3 Reasons Why Digital Tools Can Make Project Management A Breeze
You might not immediately think that tech entrepreneurs or crazy-inventor types like Elon Musk would have a lot of professional needs in common with the owner of a mid-level construction firm, but the reality is that there’s plenty of overlap.
All business need, for example, a high level of efficiency. Invested resources need to yield the greatest possible return on investment. Waste must be minimised. A high level of competence must be maintained by all elements of the company, and branding must be immaculate and professional.
Of course, these are just a few examples. All of these things must be addressed in order for just about any business to be successful. If you are a tradesman, you need to be able to create a vivid picture for your client about how using your services can transform their life for the better.
As it so happens, we live, today, in a world of unprecedented technological advancement, where a new generation of tools are at hand to help the enterprising construction entrepreneur achieve their goals.
Here are some reasons why you need to take full advantage of these tools.
They can save you time and give you the room you need to manoeuvre around the competition
In construction, being slow off the mark is often enough to ensure that you end up handing contracts over to your competitors, or worse yet, that you project an image of incompetence that proves naturally off-putting to the kinds of people you most want as clients.
In the constantly connected world we all live in today, speed and efficiency are in high demand, and those construction companies who can operate lithely and quickly, without compromising on quality, are the ones who will inherit the future.
For tradesmen, much time is often lost in coming up with quotes for a job. With a simple estimation system for the trades, such as Rapid Quote, a huge amount of time can be saved, allowing you to offer your proposal to the client well before the competition.

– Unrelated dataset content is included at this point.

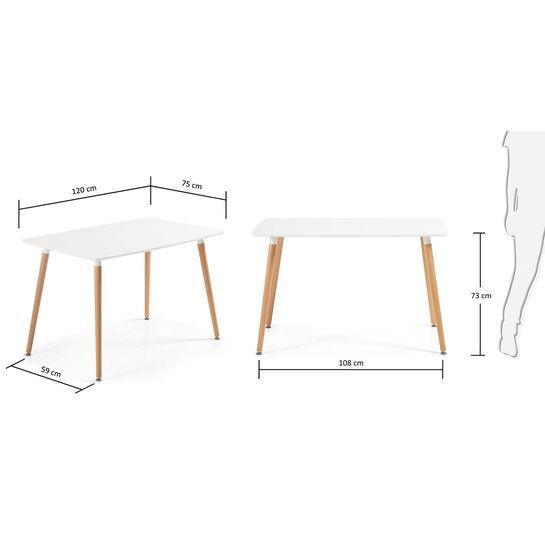 Mesa Wad 120 x 75 cm cm lacado blanco patas de madera maciza de haya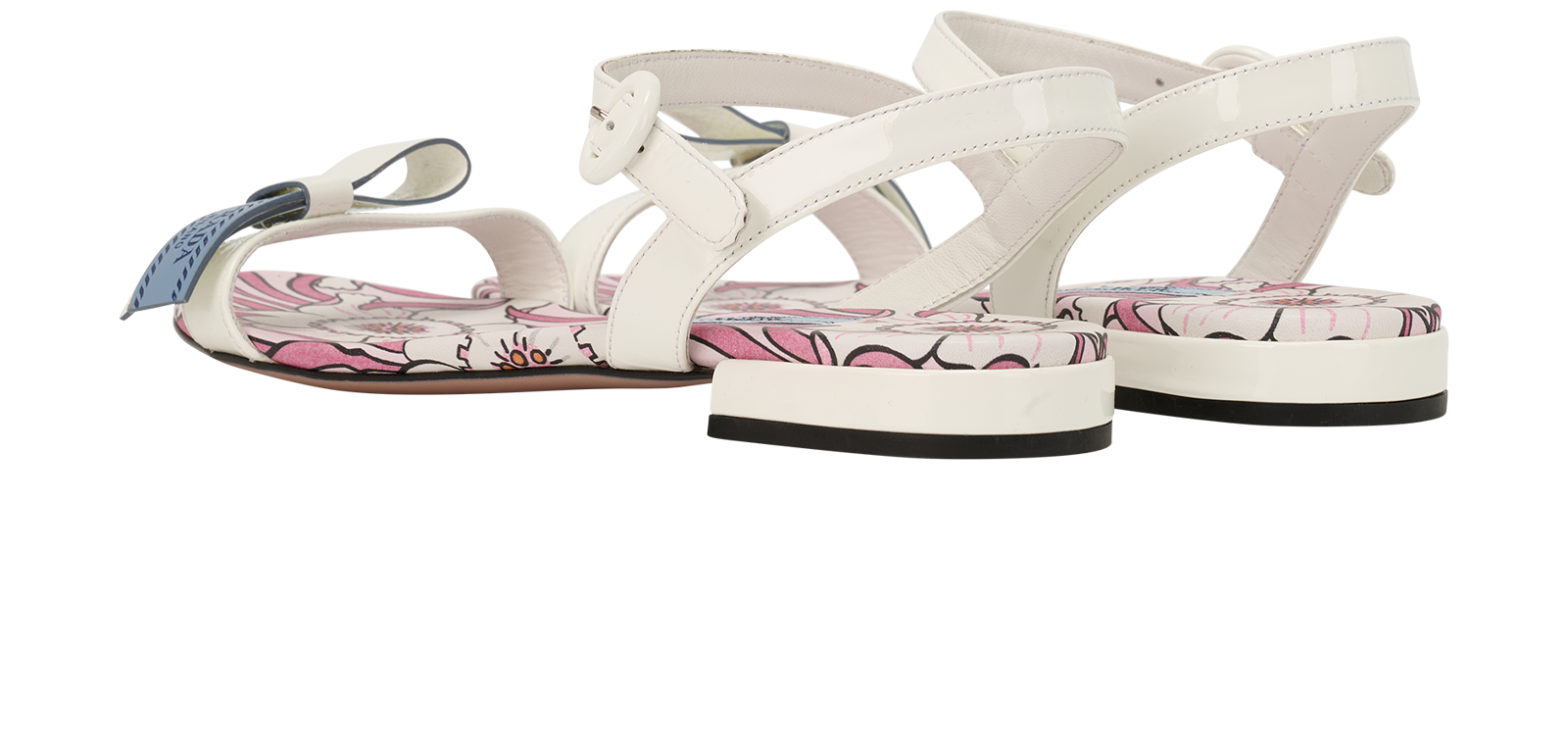 Prada Abstract Floral Sandals, &pound;230, Shoes, Pink/White, Patent Leather, Back view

They can create an invaluable degree of clarity and free up more of your mental resources
David Allen is famous in the business world for creating the innovative productivity and task management system known as the “Getting Things Done” method. According to Allen, the underlying assumption of this method is that the human mind is specialised in generating ideas, but does a very poor job of storing them.
The attempt to maintain a mental record of all ideas, potential tasks, and projects that could relate to the business, is, therefore, a source of much wasted time, energy, and stress.
Modern tools and services not only make it easier than ever before to implement David Allen’s own GTD methodology — services such as Nozbe and Microsoft To Do excel in this regard — but they also allow for the capturing of ideas and concepts as they’re generated, in real-time.
Evernote is one of the most popular digital services in the world, currently, and allows for the saving of text notes, photos, voice notes, web links, and more, either to a web browser, or mobile app. Once something has been captured in Evernote, it syncs to the cloud and updates across all linked devices.
In construction, you’ll have a lot of notetaking to do, and sometimes, you’ll have to take those notes in a hurry, on the go. Evernote is a perfect tool for allowing you to do that.
They can remove many of the issues inherent in project-management
Big projects, such as building an extension on a home, will involve plenty of planning and will naturally come along with various hiccups and issues.
You might, for example, have one big project due in the not-so-distant future, which requires a multiple detailed, written proposals, in addition to ordering in specialist materials, like fossil-containing stone slabs for an outdoor flooring project.
Traditionally, getting such a project completed without a hitch would be a long shot, and would require a high level of organisation and oversight in order to ensure that the various team members weren’t stepping on each other’s toes.
Trello is one example of a group project management tool which can relegate this issue to the past, as it allows for team members to be authorised to handle only certain, distinct elements of a project, and creates a clear, interactive, visual distinction between tasks that have yet to be attended to, those in progress, and those which have been completed. That way, everyone will be able to turn up to work and know exactly what they need to work on, and what they should leave alone.